[2017衆院選] 公約出そろい論戦 希望 批判票取り込み 自民 組織固めに躍起

 衆院選は10日の公示を前に各党公約が出そろい、農村部でも論戦が熱を帯びてきた。「自民」「希望」「立憲民主」の各党を中心とする三極が争う構図で、政権批判の受け皿を狙う野党側は官邸主導で構造改革を進める安倍農政を徹底批判する。迎え撃つ自民にはこれまでにない危機感がにじみ、農協など組織票固めを急いでいる。

 「希望の党を、古里の思いを実現するための器として必ずつくり上げていく」。民進党から希望の党に合流した茨城1区の福島伸享氏は7日、下妻市であった決起集会で強調した。

 福島氏は民進党農政の論客として実績を積み上げてきた。森友・加計問題で安倍晋三首相を国会で追及したことで全国的な知名度も上昇。前回選挙は自民党の田所嘉徳氏が勝ったが、今月4日には安倍首相が応援入りするなど与党が警戒する選挙区の一つだ。

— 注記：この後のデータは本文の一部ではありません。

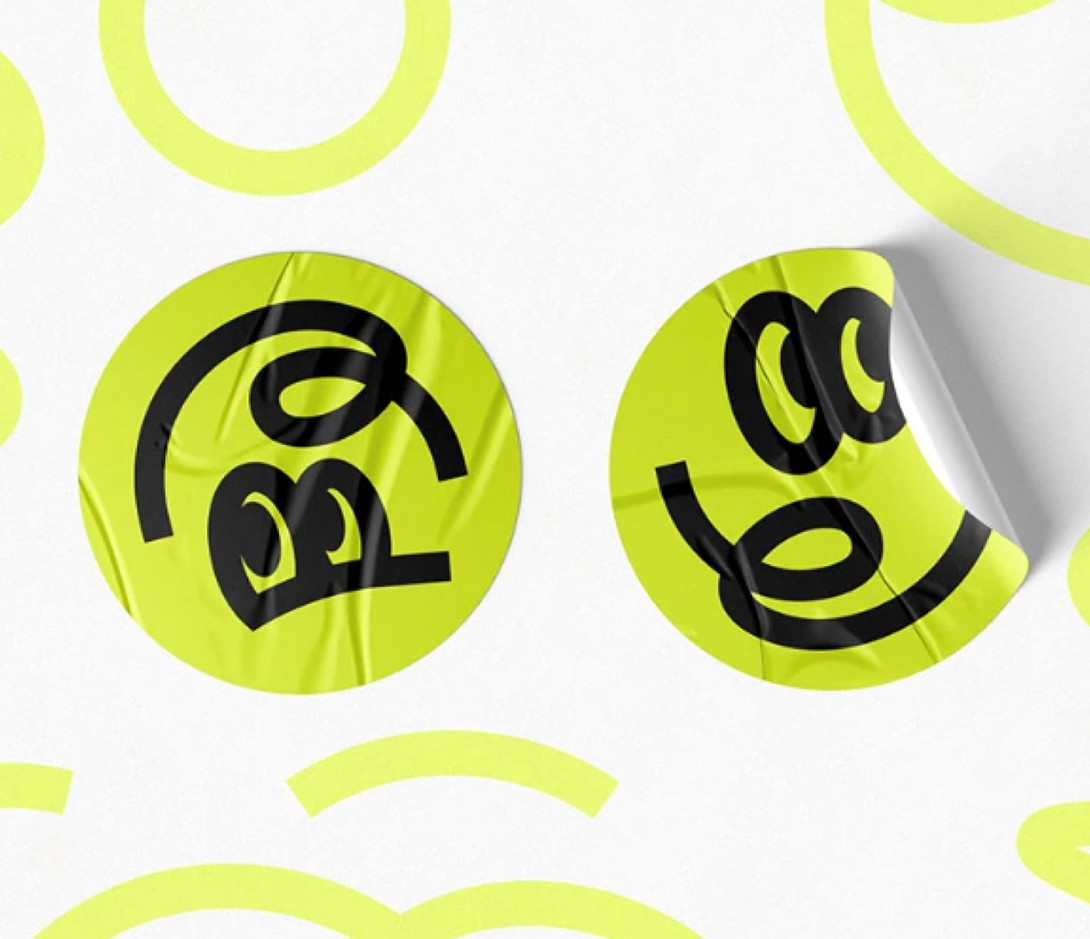 Abstract branding elements with neon green graphic patterns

 ただ、希望の政策には警戒感も出始めている。6日に発表した公約には「農業補助金を大胆に廃止」「徹底した規制改革」といった言葉が並んだ。合流や公認選定を巡る混乱もあり「地方ではそれほど風は吹いていない」(希望関係者)。福島氏は決起集会後の取材に「新党で戸別所得補償制度のような直接支払いを充実させていく」と強調した。

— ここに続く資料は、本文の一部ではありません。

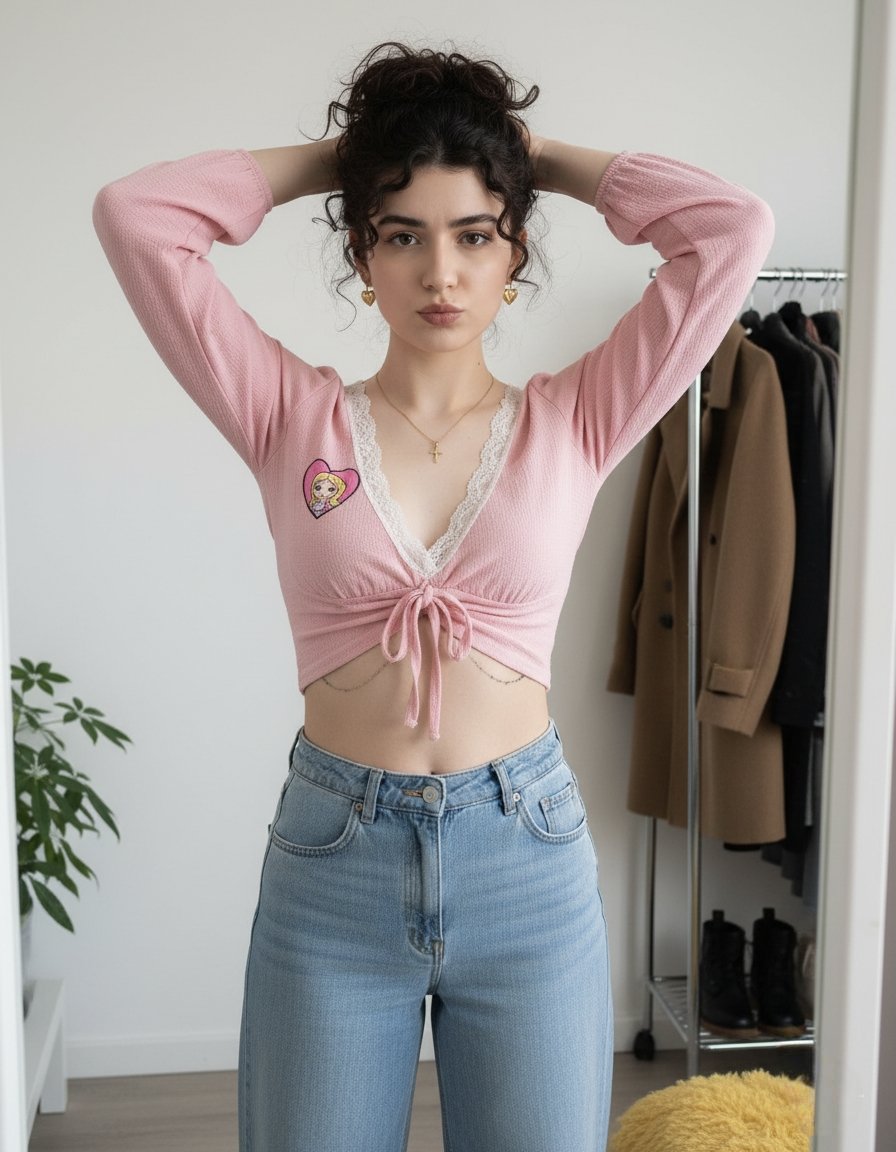 Young Woman in Pink Crop Top & Jeans - Fashion Portrait Nano Banana提示词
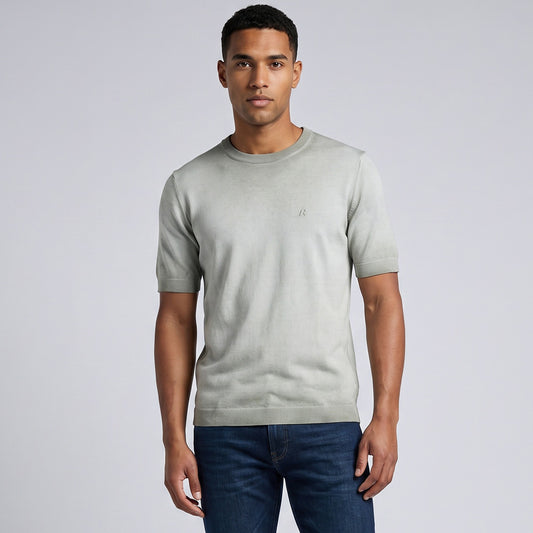 Camisola Homem Replay Verde Claro de Manga Curta com Logótipo Bordado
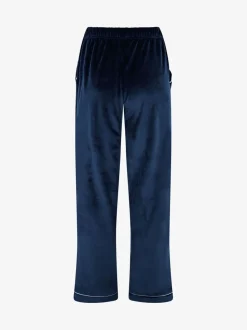 Blauw - The Little Tailor luxe kerstpyjama van zacht aanvoelend velours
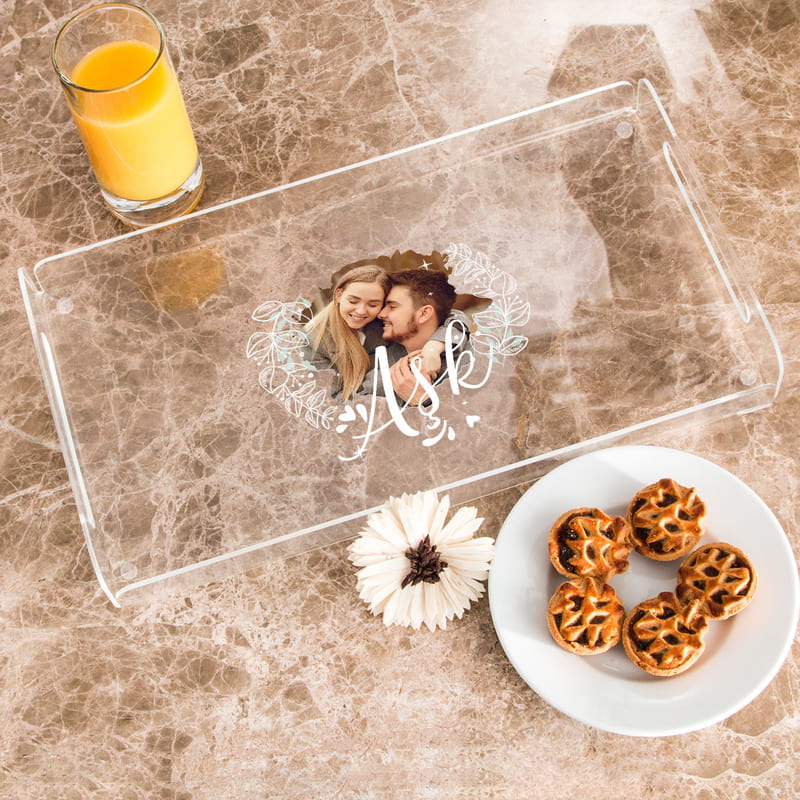 Sevgiliye Hediye Aşk Fotoğraf Baskılı Akrilik Tepsi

 茨城1区には両氏の他、共産党の大内久美子氏と幸福実現党の川辺賢一氏が出馬を予定している。

 7日午前10時。佐賀県唐津市の神社の祭りに、佐賀2区から出馬を予定する与野党の前職議員が顔を見せた。自民党の古川康氏と、民進党出身で今回は希望の党から公認を受けた大串博志氏だ。

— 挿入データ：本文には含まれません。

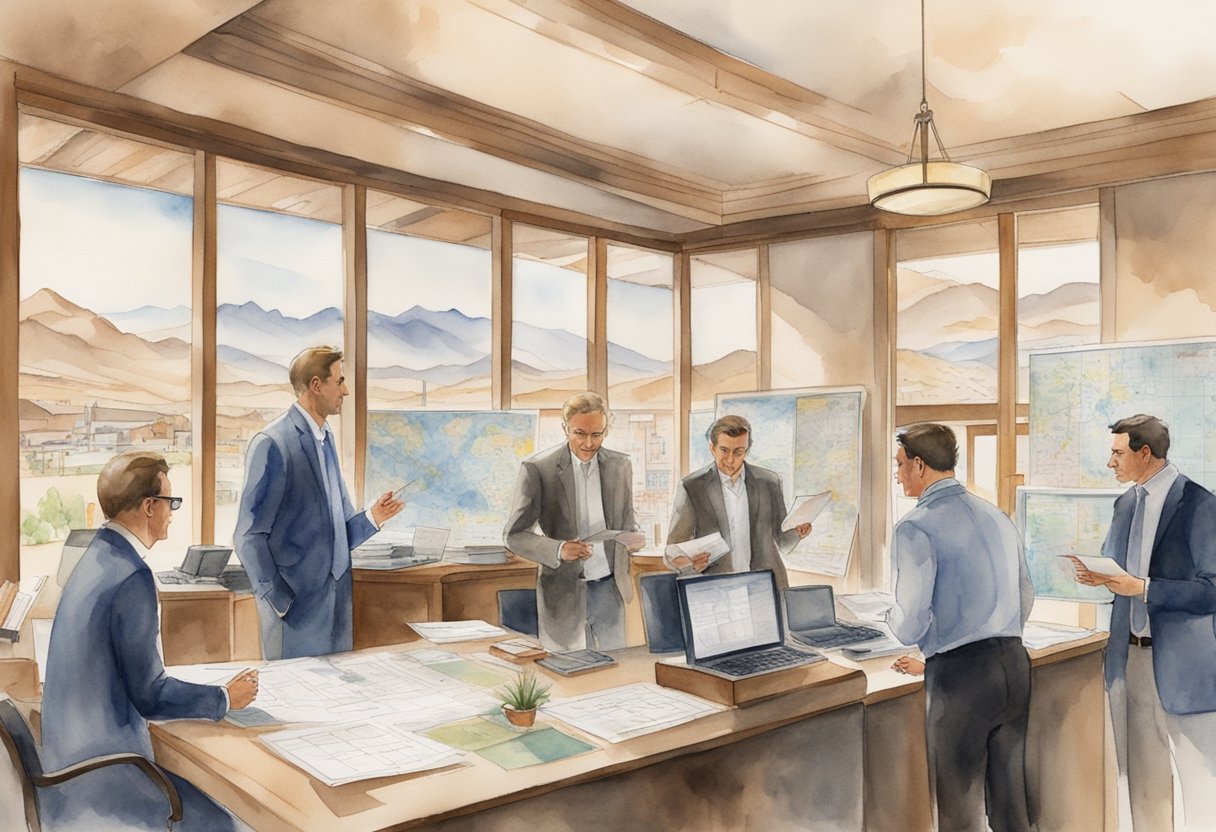 A bustling real estate office in Nevada, with clients and agents engaged in discussions, surrounded by charts, graphs, and maps of properties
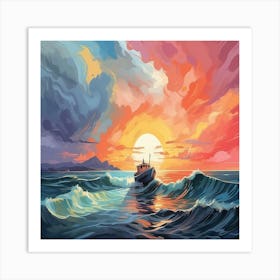 Sunset Boat In The Sea Art Print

 両者は数メートルの距離にいながら一度も目線を合わさず会場を後にした。2014年の衆院選で両者は対決。元県知事の古川氏が制し、大串氏は比例復活だった。

 今回も知名度に勝る古川氏優勢の選挙戦を予想する向きもあったが、安倍農政のつけが表面化しつつある。6日に県農政協は役員・支部長合同会議で衆院選の推薦議員を協議したが意見がまとまらず、9日に再度会議を開く。農協改革を進める安倍政権への不信感が募り、今回は各支部が自主投票を推す声が強い。前回、県農政協から支持を得た古川氏にとっては逆風だ。古川氏は固い表情で「農業関係者の厳しい声は覚悟している。与党としてしっかり受け止め、政策を良くしていきたい」と述べた。

 「上から目線の農協改革を何とかしたい」。そう政権批判を強める大串氏も攻め一方とはいかない。安保法案採決では反対派として存在感を発揮した。それだけに希望の党が迫った踏み絵で、主張を変えた政治姿勢に疑いを持たれるのは必至。即席感が拭えない党の農業公約も含め、説明に追われる戦いになりそうだ。

 同区では共産党の新人大森斉氏も立候補を予定する。

 長野1区に立候補する民進党出身の篠原孝元農水副大臣は、希望の党の政策協定書に反発し公認を辞退。無所属での出馬を決めた。

 同区は県庁所在地を含むが、果樹や水稲が盛んな地帯で中山間地域も多い。農村票が当落に大きく影響する。環太平洋連携協定(TPP)に猛反対するなど、農政通の篠原氏は自民が圧勝した大逆風の中でも2回にわたり議席を死守してきた。今回は、比例復活した自民前職の小松裕氏と維新新人の橋本将之氏と議席を争う。共産は篠原氏の公認辞退を受け、候補者を取り下げ支援に回った。

 篠原氏は7日、長野市内で夕方まで支持者宅を自転車で一軒ずつ回り無所属での出馬の経緯を説明。改めて支持を訴えた。手渡したちらしには準備が間に合わず「民進党」の文字が残る。

 篠原氏は「(支持者は)篠原孝を支持してくれている。どこの党だろうと変わらない」とし、選挙期間中はこれまでの選挙戦と同様に30以上の会場でミニ集会を開き政策の浸透を図る。

 農政について「農協いじめや卸売市場法(の見直し)など安倍農政はでたらめだ」と主張。農業者戸別所得補償の復活などを柱に、農村部へ支持を訴え「アベノミクス農政と徹底的に戦う」方針を語った。